Pensées diverses II – Fragment n° 5 / 37 – Papier original : RO 75-1

Copies manuscrites du XVIIe s. : C1 : n° 105 p. 349 v°-351  / C2 : p. 305

Éditions de Port-Royal : Chap. XXIX - Pensées morales : 1669 et janvier 1670 p. 282-283 / 1678 n° 27 p. 279-280

Éditions savantes : Faugère I, 197, LVIII / Havet VI.20 / Brunschvicg 455 / Tourneur p. 84-1 / Le Guern 509 / Lafuma 597 (série XXIV) / Sellier 494

 

 

 

 

 

Dans l’édition de Port-Royal

 

Chap. XXIX - Pensées morales : 1669 et janvier 1670 p. 282-283 / 1678 n° 27 p. 279-280

       

 

Différences constatées par rapport au manuscrit original

 

 

Ed. janvier 1670 1

Transcription du manuscrit

 

Le mot de moi dont l’auteur se sert dans la pensée suivante, ne signifie que l’amour propre. C’est un terme dont il avait accoutumé de se servir avec quelques-uns de ses amis.

 

 Le moi est haïssable. Ainsi ceux qui ne l’ôtent pas, et qui se contentent seulement de le couvrir, sont toujours haïssables. Point du tout, direz-vous ; car en agissant comme nous faisons obligeamment pour tout le monde, on n’a pas sujet de nous haïr. Cela est vrai, si on ne haïssait dans le moi que le déplaisir qui nous en revient. Mais si je le hais, parce qu’il est injuste, et qu’il se fait 2 centre de tout, je le haïrai toujours. En un mot le moi a deux qualités ; il est injuste en soi, en ce qu’il se fait centre de tout ; il est incommode aux autres, en ce qu’il les veut asservir ; car chaque moi est l’ennemi, et voudrait être le tyran de tous les autres. Vous en ôtez l’incommodité, mais non pas l’injustice ; et ainsi vous ne le rendez pas aimable à ceux qui en haïssent l’injustice : vous ne le rendez aimable qu’aux injustes, qui n’y trouvent plus leur ennemi ; et ainsi vous demeurez injuste, et ne pouvez plaire qu’aux injustes.

 

 

 

 

 

Le moi est haïssable. Vous, Mitton, le couvrez, vous ne l’ôtez point pour cela. Vous êtes donc toujours haïssable.
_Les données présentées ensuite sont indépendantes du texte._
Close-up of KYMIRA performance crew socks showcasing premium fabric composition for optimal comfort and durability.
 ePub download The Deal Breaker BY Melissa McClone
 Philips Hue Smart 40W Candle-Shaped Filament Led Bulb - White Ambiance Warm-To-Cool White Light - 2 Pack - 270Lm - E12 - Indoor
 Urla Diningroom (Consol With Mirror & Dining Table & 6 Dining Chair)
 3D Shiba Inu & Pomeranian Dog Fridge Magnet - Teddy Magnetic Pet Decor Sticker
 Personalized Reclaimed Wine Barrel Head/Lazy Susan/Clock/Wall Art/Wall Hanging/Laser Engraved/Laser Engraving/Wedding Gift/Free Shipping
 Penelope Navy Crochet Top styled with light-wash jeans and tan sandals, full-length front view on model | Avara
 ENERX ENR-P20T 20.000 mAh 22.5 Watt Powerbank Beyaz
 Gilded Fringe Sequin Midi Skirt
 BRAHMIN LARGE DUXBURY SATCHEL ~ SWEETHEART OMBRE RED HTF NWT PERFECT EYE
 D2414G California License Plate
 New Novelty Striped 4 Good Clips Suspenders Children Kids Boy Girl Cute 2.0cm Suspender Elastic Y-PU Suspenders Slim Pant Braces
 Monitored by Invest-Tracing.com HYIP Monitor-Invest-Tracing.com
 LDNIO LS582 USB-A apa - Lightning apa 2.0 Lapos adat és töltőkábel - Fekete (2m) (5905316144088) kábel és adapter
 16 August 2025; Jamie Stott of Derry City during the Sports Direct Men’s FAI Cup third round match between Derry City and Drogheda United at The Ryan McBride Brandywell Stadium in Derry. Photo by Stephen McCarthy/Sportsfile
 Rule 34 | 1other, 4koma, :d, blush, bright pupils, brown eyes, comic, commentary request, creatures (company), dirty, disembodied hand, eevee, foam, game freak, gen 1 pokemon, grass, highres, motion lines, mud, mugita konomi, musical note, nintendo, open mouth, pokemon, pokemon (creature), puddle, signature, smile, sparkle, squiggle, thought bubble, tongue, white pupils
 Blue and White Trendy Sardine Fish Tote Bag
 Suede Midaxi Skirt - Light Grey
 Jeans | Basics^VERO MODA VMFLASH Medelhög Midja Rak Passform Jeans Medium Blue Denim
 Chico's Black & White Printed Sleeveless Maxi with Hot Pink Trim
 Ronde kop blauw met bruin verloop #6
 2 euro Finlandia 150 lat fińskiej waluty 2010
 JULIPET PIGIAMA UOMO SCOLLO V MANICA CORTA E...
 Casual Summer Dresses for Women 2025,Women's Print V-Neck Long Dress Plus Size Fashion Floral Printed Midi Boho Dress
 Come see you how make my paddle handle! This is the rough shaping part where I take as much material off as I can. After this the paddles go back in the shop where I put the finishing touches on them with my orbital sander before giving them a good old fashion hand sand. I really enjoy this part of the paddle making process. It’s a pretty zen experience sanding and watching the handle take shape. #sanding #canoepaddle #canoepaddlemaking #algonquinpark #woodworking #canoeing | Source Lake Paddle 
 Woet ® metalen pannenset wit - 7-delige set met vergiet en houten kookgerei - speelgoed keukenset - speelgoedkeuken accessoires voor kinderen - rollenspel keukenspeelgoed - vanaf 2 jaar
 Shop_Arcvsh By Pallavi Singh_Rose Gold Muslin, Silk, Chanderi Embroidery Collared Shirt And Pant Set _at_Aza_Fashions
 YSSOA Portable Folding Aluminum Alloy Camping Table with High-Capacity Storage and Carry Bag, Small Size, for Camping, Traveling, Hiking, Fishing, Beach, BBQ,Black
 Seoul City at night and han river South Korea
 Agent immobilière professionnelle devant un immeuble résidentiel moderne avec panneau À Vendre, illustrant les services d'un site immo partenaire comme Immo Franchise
Point, car en agissant comme nous faisons obligeamment pour tout le monde, on n’a plus sujet de nous haïr. Cela est vrai, si on ne haïssait dans le moi que le déplaisir qui nous en revient.

Mais si je le hais parce qu’il est injuste qu’il se fasse centre de tout, je le haïrai toujours.

En un mot le moi a deux qualités. Il est injuste en soi en ce qu’il se fait centre de tout ; il est incommode aux autres en ce qu’il les veut asservir, car chaque moi est l’ennemi et voudrait être le tyran de tous les autres. Vous en ôtez l’incommodité, mais non pas l’injustice.

Et ainsi vous ne le rendez pas aimable à ceux qui en haïssent l’injustice. Vous ne le rendez aimable qu’aux injustes qui n’y trouvent plus leur ennemi. Et ainsi vous demeurez injuste, et ne pouvez plaire qu’aux injustes.

 

 

1 Conventions : rose = glose des éditeurs ; vert = correction des éditeurs ; marron = texte non retenu par les éditeurs.

2 La différence provient des Copies C1 et C2.

 

Commentaire

 

L’avertissement de l’édition de Port-Royal, qui réduit le moi à l’amour propre a suscité des discussions dont on trouvera un exemple dans l’article de Meurillon Christian, “Un concept problématique dans les Pensées : le moi”, Méthodes chez Pascal, Paris, P.U.F., 1979, p. 269-284.

Les éditeurs suppriment le nom de Mitton, comme il est normal dans un ouvrage destiné au public.

La vivacité du dialogue est affadie, au profit d’une expression qui approche du sermon magistral.